The book's anti-hero, Becky Sharp, is the smart and unprincipled daughter of a drawing instructor and an opera singer. She's educated as a charity case in a girls' school and is expected to earn her meagre living as a governess, school teacher or companion for little old ladies. But Becky wants real money, not some pathetic stipend. And she'll do anything to get it.

Poor girl! She explains herself: "I think I could be a good woman if I had five thousand a year. I could dawdle about in the nursery, and count the apricots on the wall. I could water plants in a greenhouse, and pick off dead leaves from the geraniums. I could ask old women about their rheumatisms, and order half a crown’s worth of soup for the poor. I shouldn’t miss it much, out of five thousand a year."

It's a lovely picture, isn't it? Gentle indolence, painless charity, a quiet life governed by the seasons. Maybe it'd work for some people, but for Becky Sharp, it'd be like trying to use a racoon as a messenger pigeon. Not only is the attempt doomed to failure, a racoon's not something you want hanging out in the pigeon loft.

We all have similar mental images of things we think we want. How about your kitchen? You'd like to take out the old cabinets and the lino floor. You want cherrywood, granite, a Viking stove, stainless steel appliances, and probably a marble board for kneading bread dough. (Bakers say there's nothing better.) Perhaps you have a mental image of yourself, channeling Julia Childs. You can see the bunches of fresh herbs on that granite countertop, almost smell the peppers you're chopping as you prepare for a dinner party. Your face is serene. Your kitchen is spotless. Your kids are behaving or have mysteriously disappeared.

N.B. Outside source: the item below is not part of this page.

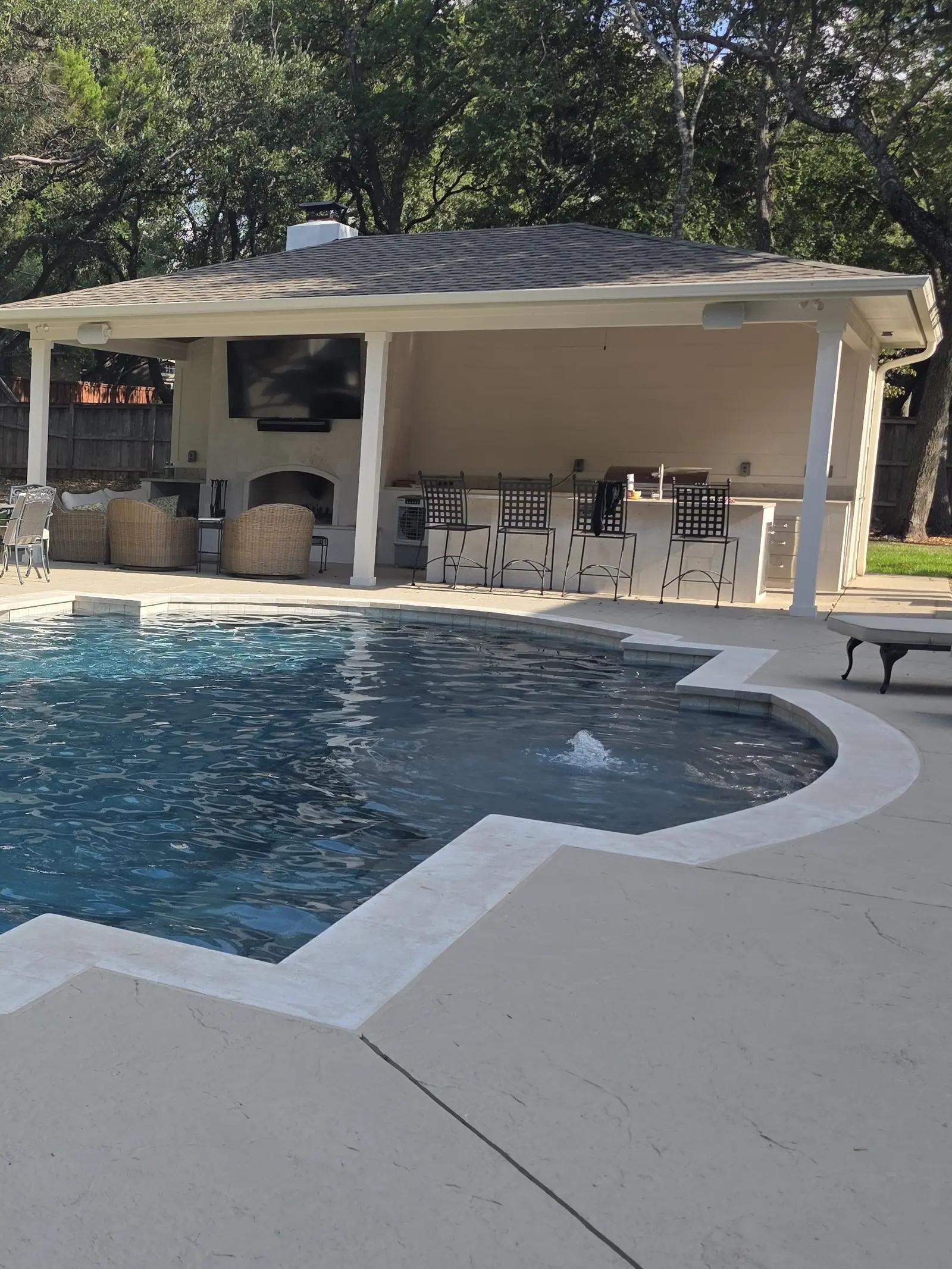 Poolside pavilion with fireplace, bar seating and lounge chairs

If you are a lousy cook and dinner parties stress you out, spending a fortune on new countertops will not change Real You into Imaginary You.

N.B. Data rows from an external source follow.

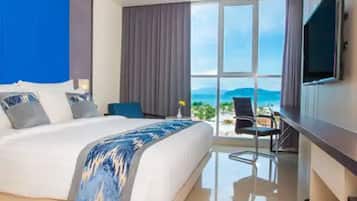 A modern hotel room with a large bed, a desk, and a view of the sea.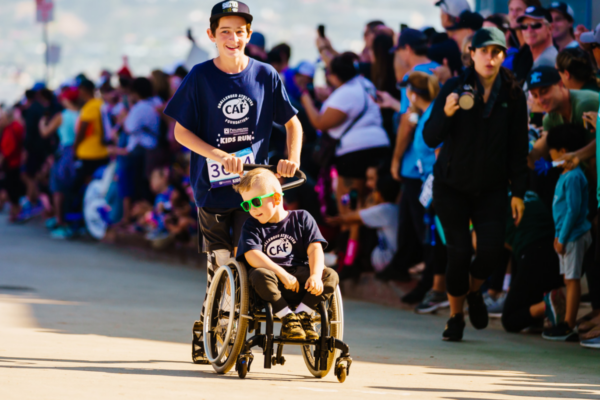 Young athlete with a physical disability, Brantley Volpel, rolls forward in his wheelchair during a Challenged Athletes Foundation Kids Run event as spectators line the course.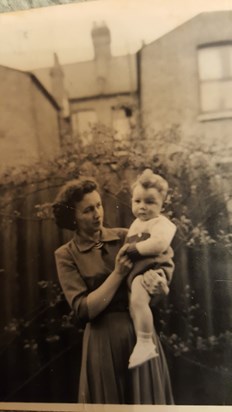 Dennis as a baby with his Mum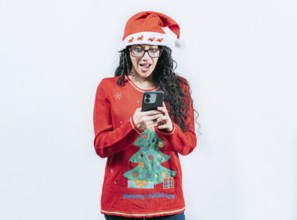 Amazed girl in Christmas hat looking at phone isolated. Surprised girl in Christmas sweater looking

Too many of our mental images of "living well" are from some car commercial or Martha Stewart magazine. You know what? Doing nothing all day sucks. I don't like to travel, unless it means I get to play in the ocean. I don't make my own bread. I have zero interest in a graduate degree. Think of all the money I've just saved myself on trips to Europe, KitchenAid mixers, tuition and early retirement.

Here's your challenge: look over your personal List of Wants and cut out what you don't actually want or wouldn't really use. (Hint: a huge amount of recreational equipment goes in this category.) Permanently eliminate three items. I think you'll be surprised at how much you think you want but don't.

Now take those three items and figure out why they were on your list in the first place. Did you list granite countertops, when what you really want is to be the kind of person who cooks with fresh herbs and throws dinner parties? Buy a cookbook instead. Mark Bittman's How to Cook Everything is $14.93 at Amazon.com. Twenty five square feet of granite countertop will run you around $2500. Yes, you just saved $2485.07. Congrats.